▶ [Extracted information]:
◇ ◇ ◇ ◇ ◇

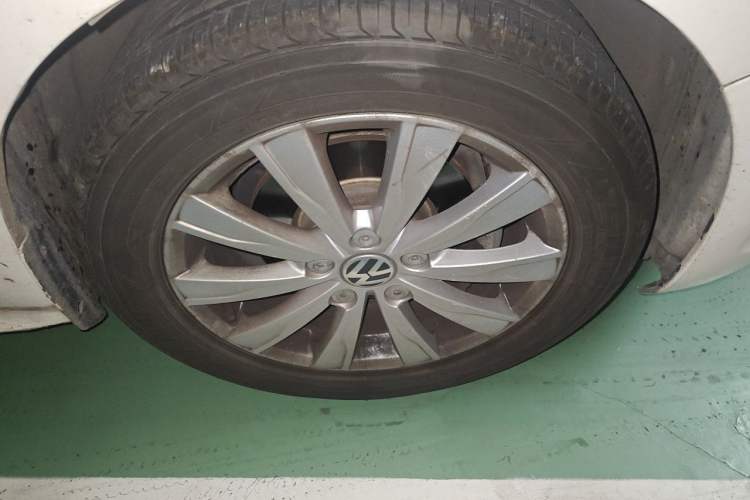 Used Volkswagen Sagitar 2014 Revised Version 1.6L Automatic Comfort Edition Right Front Wheel Hub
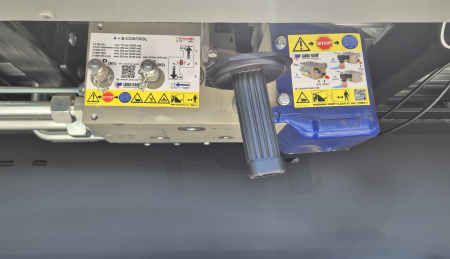 Самосвальный полуприцеп САТ 150 90 м3 с подвижным полом детальное фото - Spec-Trucks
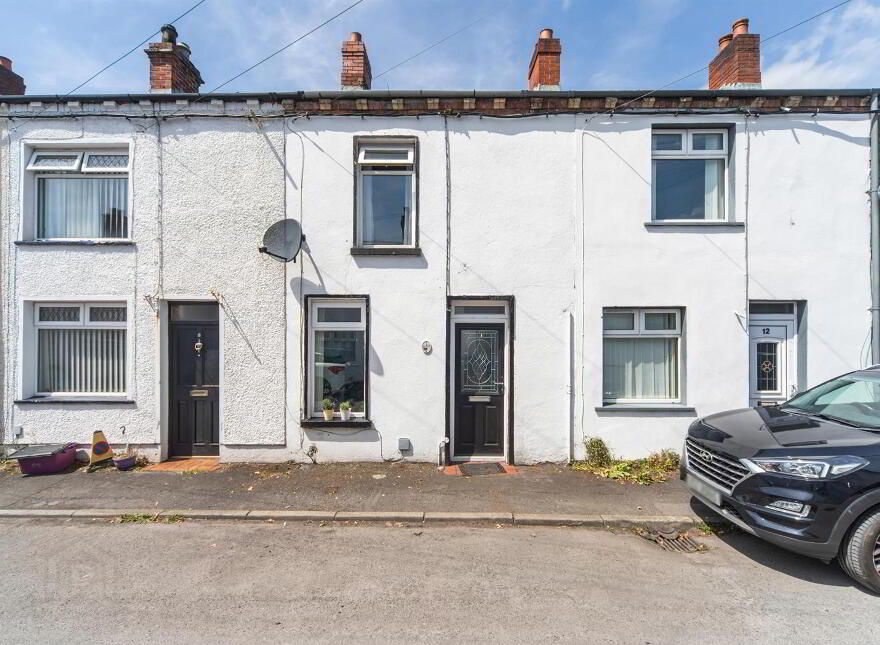 10 Hill Street, Dunmurry, Belfast, BT17 0AD
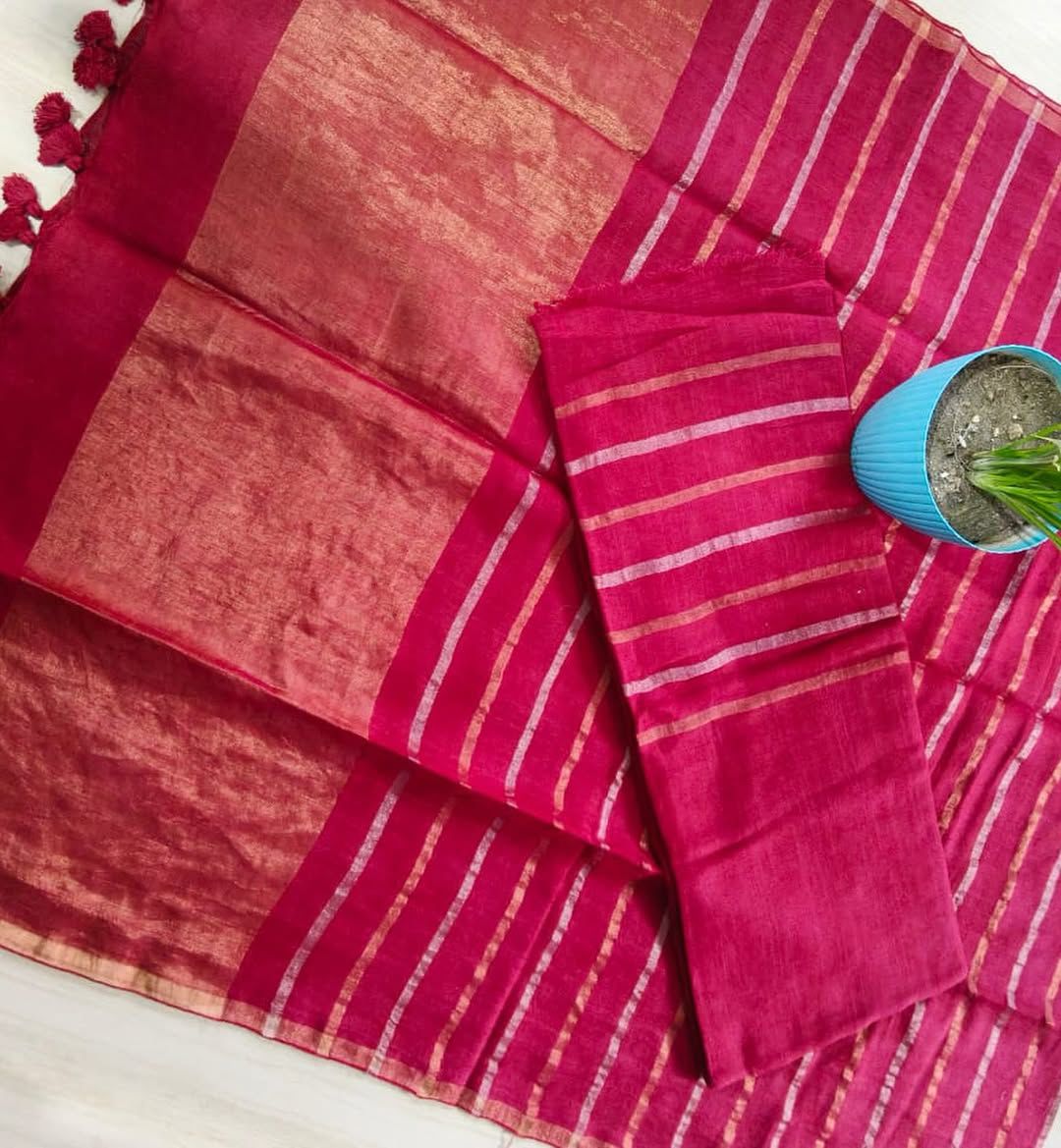 Syahi 120 Count Jayshree Linen Suit Set by Rihyaaz – premium handwoven linen ethnic suit for women with elegant traditional detailing.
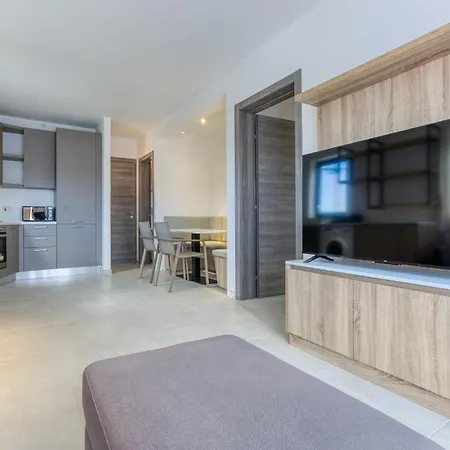 Cosy Penthouse With Terrace & Views In St Julians By 360 Estates San Ġiljan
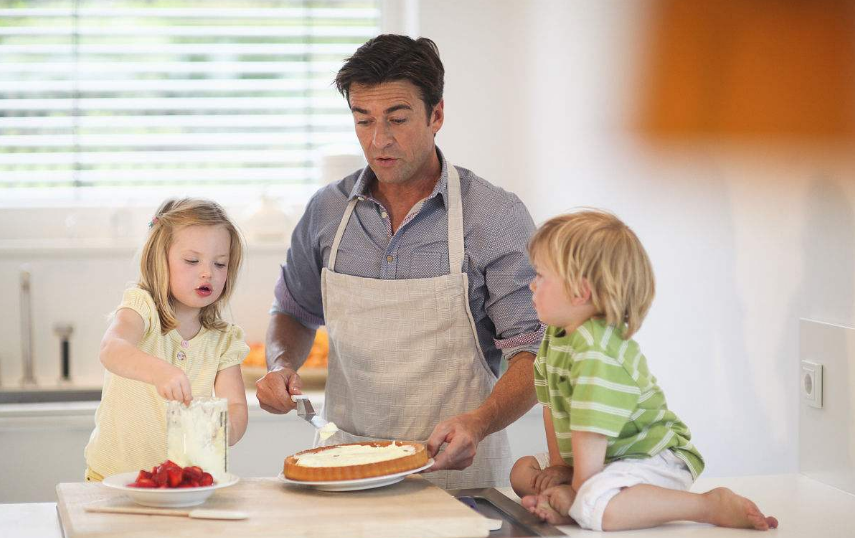 寶寶愛撿小石頭昆蟲怎么辦 孩子細微事物敏感期怎么做比較好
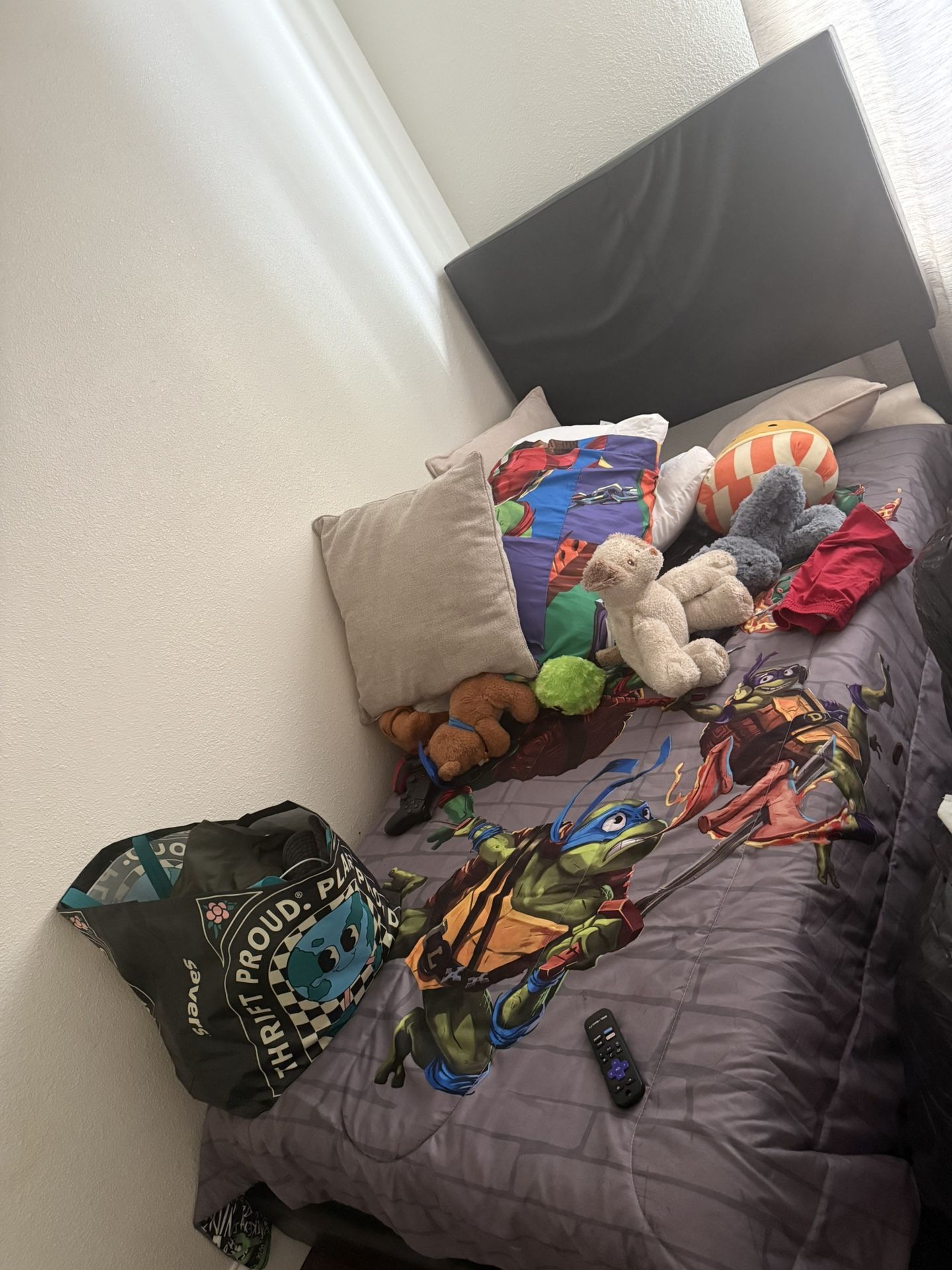 Twin Size Bed With New Mattress 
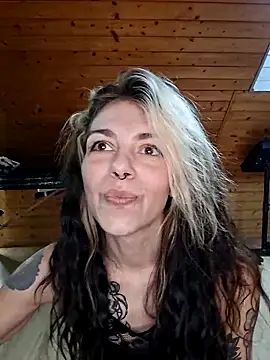 SophiaBlackfoxx's cam snapshot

◇ ◇ ◇ ◇ ◇

▶ [Problem description]: Only lines belong in the copy: transcribe those from the start of the data through the line that contains "Syahi 120 Count", and skip the pictures.

▶ [Result]:
 Used Volkswagen Sagitar 2014 Revised Version 1.6L Automatic Comfort Edition Right Front Wheel Hub
 Самосвальный полуприцеп САТ 150 90 м3 с подвижным полом детальное фото - Spec-Trucks
 10 Hill Street, Dunmurry, Belfast, BT17 0AD
 Syahi 120 Count Jayshree Linen Suit Set by Rihyaaz – premium handwoven linen ethnic suit for women with elegant traditional detailing.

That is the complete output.